How do I deal with bug fixes on my platform

Peter Samuelson peter at
Wed Aug 23 16:15:23 GMT 2000

[Ron Alexander <rcalex at>]
> If I find a bug and fix it for my specific platform, what is the
> 'normal' way to handle the release/version name?

Here's what the Debian Project does.  Debian is a non-profit org that
publishes a distribution of Linux[1] software.  Most Debian packages (like
Samba) originate outside the Project, so they have the convention of
using a hyphenated version, where the "upstream" version is before the
hyphen and the Debian release is after the hyphen.  Debian, like most
distributors, regularly fixes bugs in packages without upgrading to a
new upstream version, so this information propagates as the Debian
part of the version number.

  [1] Actually there are works-in-progress for Debian releases of
      FreeBSD/i386 and GNU Hurd/i386 as well, but Debian is still
      *mostly* Linux.

Debian packages that are written/maintained entirely "in-house" -- and
there are quite a few of those -- get version numbers without hyphens.
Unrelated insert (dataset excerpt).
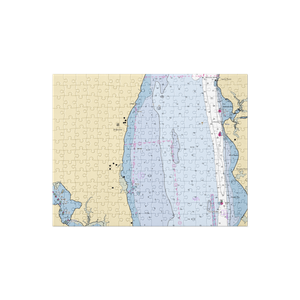 Aquia Harbour Marina (Stafford, VA) NOAA Chart Jigsaw Puzzle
It's more complicated than that, actually, since Debian has the concept
of a "maintainer" -- the individual responsible for maintaining each
package.  If someone else needs to make a release, say to fix a serious
bug or a security problem or whatever, the Debian release is
incremented by 0.1 instead of by 1.  Thus we have, as a mostly
fictional example:

  samba_2.0.6-1     first release by Eloy Paris (the Debian Samba
  samba_2.0.6-2     second release by Eloy
  samba_2.0.6-2.1   a non-maintainer upload (NMU) for whatever reason
  samba_2.0.6-2.2   another NMU
  samba_2.0.6-3     another Eloy release, usually including the changes 
                    from the NMUs in between, though not always
  samba_2.0.7-1     first release of 2.0.7 by Eloy, which usually
                    includes any relevant customizations from the 2.0.6 

Debian maintainers generally do their best to propagate bug fixes on to
the upstream maintainers but meanwhile the above is what happens.